• **EXERCISE DESCRIPTION**
Each line below must be transcribed exactly, and no picture may appear in the transcription.

• **DATA FOR THE TASK**
^^^^^^^^
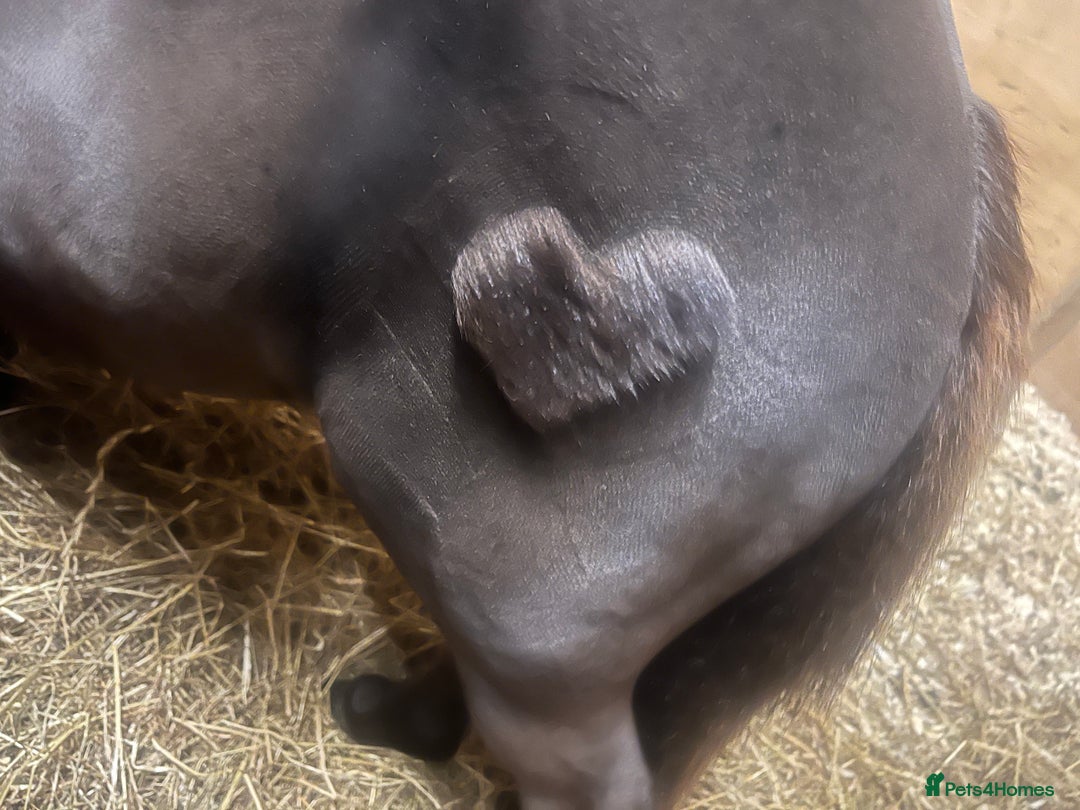 Shetland pony horses for sale: Miniature Shetland  - Image 10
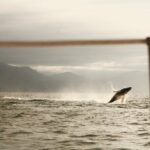 Private Whale Watching Sailing Tour - The Value of a Private Tour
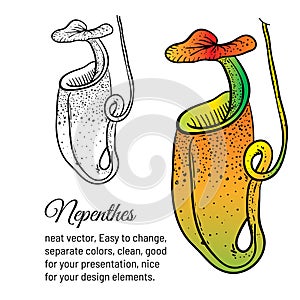 Tropical pitcher plant nepenthes with separate color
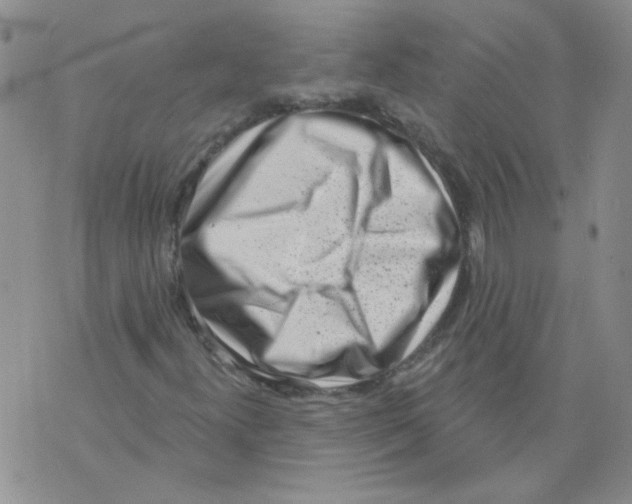 X0000071771300200607282203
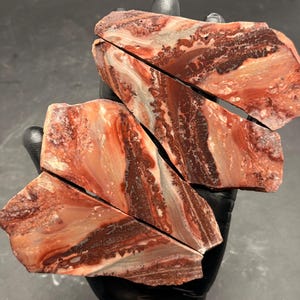 May include: Four pieces of a cut stone with a striking pattern of red, brown, and white veining. The stone is held in a gloved hand, showcasing the natural colors and textures. The cut reveals the internal layers of the stone.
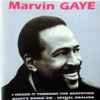 Marvin Gaye - Untitled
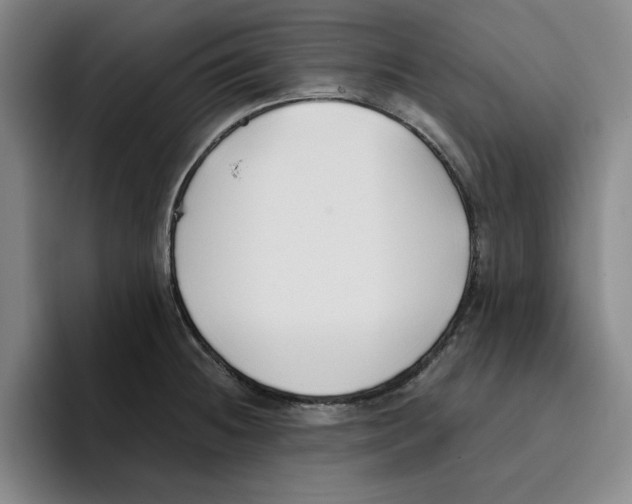 X0000096151236200802151348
^^^^^^^^
• **RESULT**
 Shetland pony horses for sale: Miniature Shetland  - Image 10
 Private Whale Watching Sailing Tour - The Value of a Private Tour
 Tropical pitcher plant nepenthes with separate color
 X0000071771300200607282203
 May include: Four pieces of a cut stone with a striking pattern of red, brown, and white veining. The stone is held in a gloved hand, showcasing the natural colors and textures. The cut reveals the internal layers of the stone.
 Marvin Gaye - Untitled
 X0000096151236200802151348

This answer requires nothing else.